| Problem |
Copy all the records exactly, but keep the pictures out of your version.

| Provided entries |
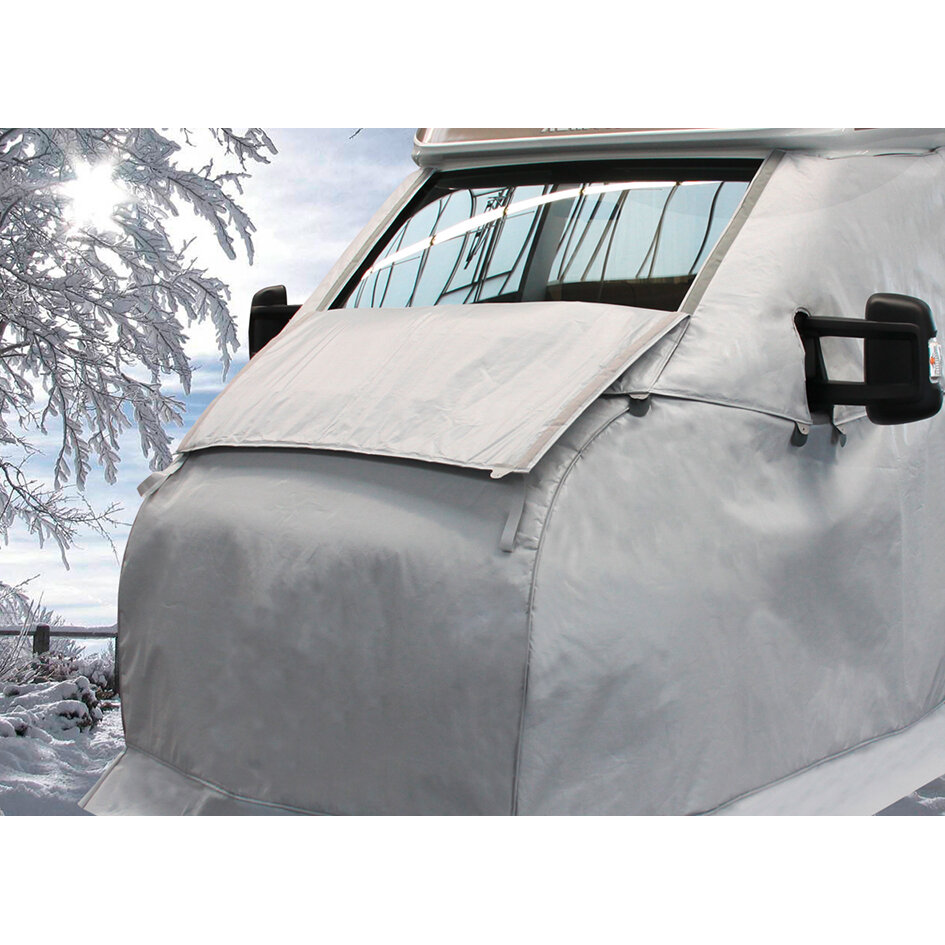 Thermal Cover LUX-DUO for Renault Master III, Top part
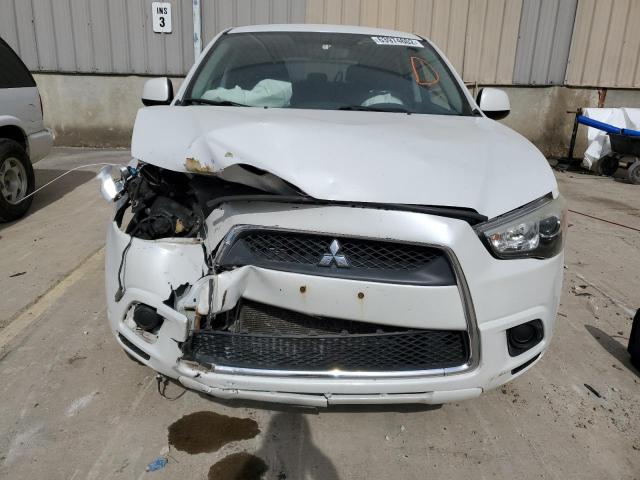 Photo 8 VIN: JA4AP3AU5CZ001786 - MITSUBISHI OUTLANDER 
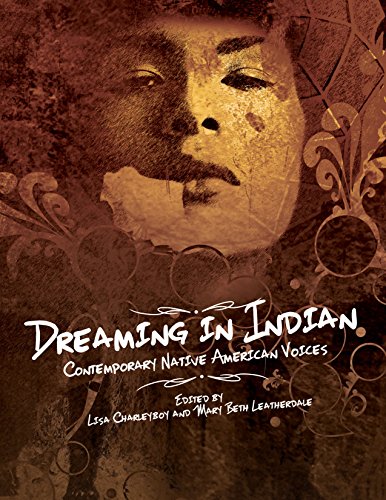 Cover of Dreaming in Indian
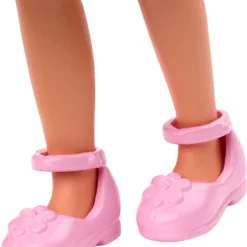 Mattel Barbie Τσέλσι Και Φίλες Jeans Dress Doll (GHV65) -Μικρόκοσμος κοριτσιών Κατάστημα 204647 2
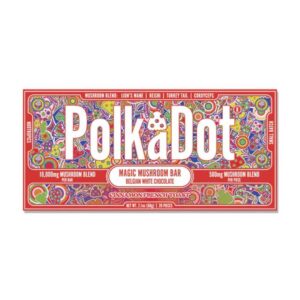 polkadot chocolate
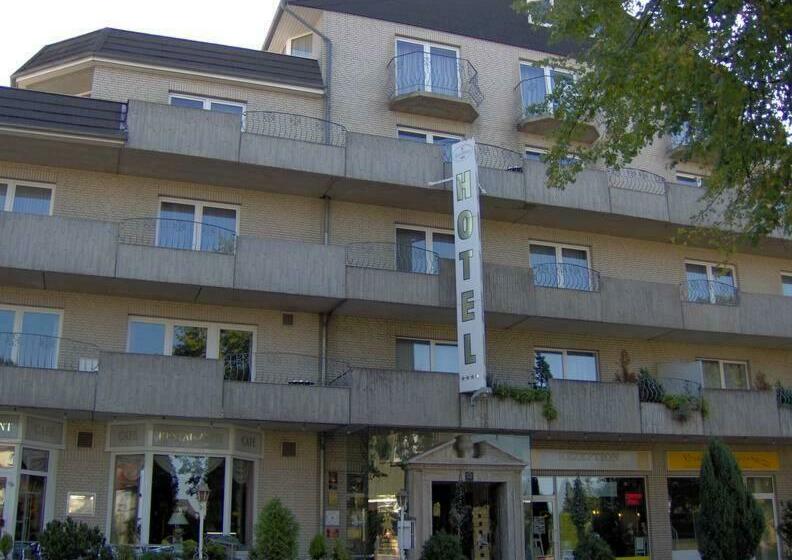 فندق Park Deutsches Haus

| Solution for this problem |
 Thermal Cover LUX-DUO for Renault Master III, Top part
 Photo 8 VIN: JA4AP3AU5CZ001786 - MITSUBISHI OUTLANDER 
 Cover of Dreaming in Indian
 Mattel Barbie Τσέλσι Και Φίλες Jeans Dress Doll (GHV65) -Μικρόκοσμος κοριτσιών Κατάστημα 204647 2
 polkadot chocolate
 فندق Park Deutsches Haus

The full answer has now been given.